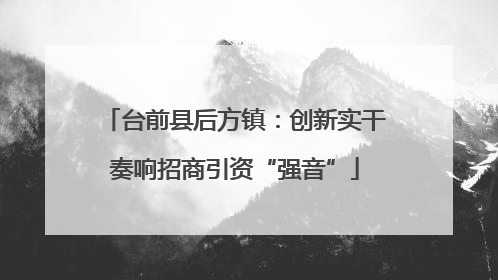 台前县后方镇：创新实干奏响招商引资“强音”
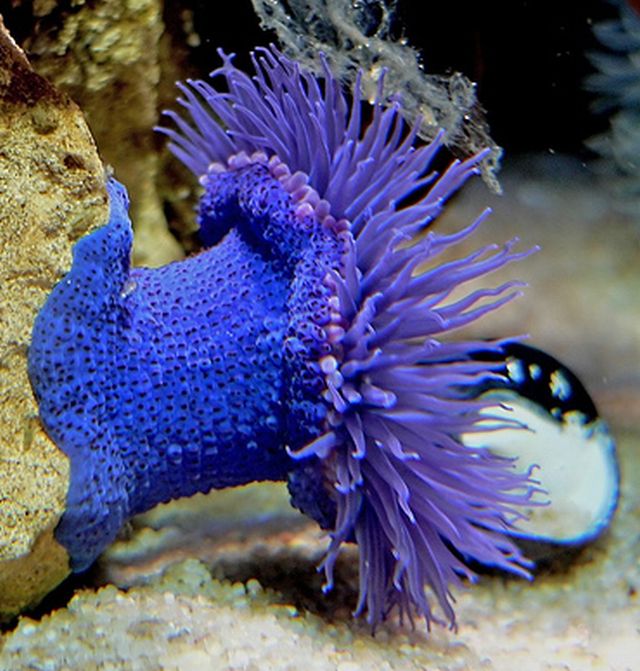 ดอกไม้แห่งท้องทะเล (Sea anemone)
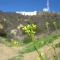 Wildflower beneath the Hollywood sign
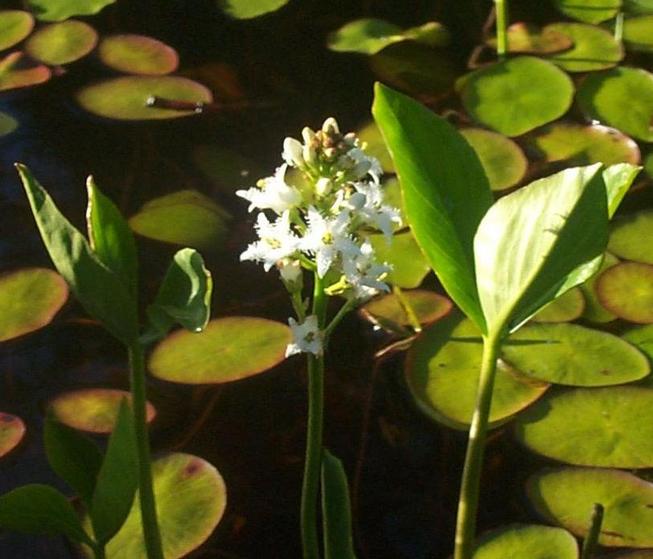 Image of
menyanthesTrifoliata_buckBean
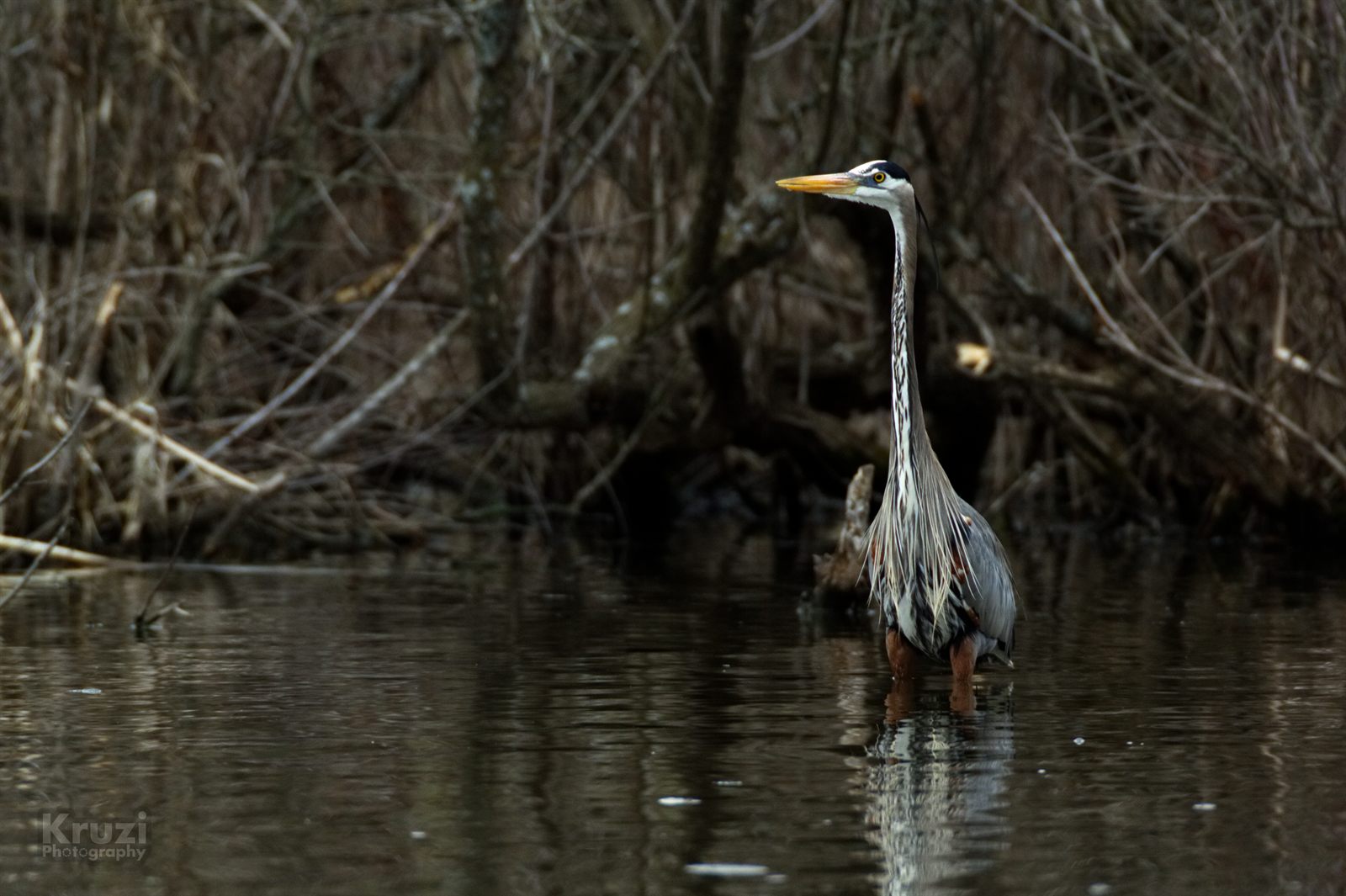 A heron wading in the lake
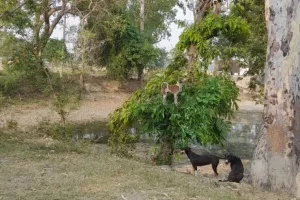 मास्टर साहब ने शब्दों में दिखाई चटोरी चन्दू की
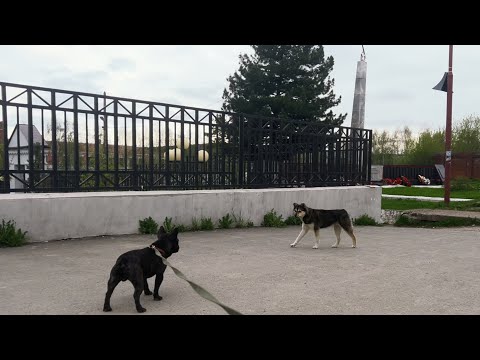 Видео: Часть 19. Егор знакомится с бродяжкой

[TASK ITEM] Once the pictures are set aside, please reproduce the remaining material word for word.

[RESPONSE TO THIS EXERCISE]
 台前县后方镇：创新实干奏响招商引资“强音”
 ดอกไม้แห่งท้องทะเล (Sea anemone)
 Wildflower beneath the Hollywood sign
 Image of
menyanthesTrifoliata_buckBean
 A heron wading in the lake
 मास्टर साहब ने शब्दों में दिखाई चटोरी चन्दू की
 Видео: Часть 19. Егор знакомится с бродяжкой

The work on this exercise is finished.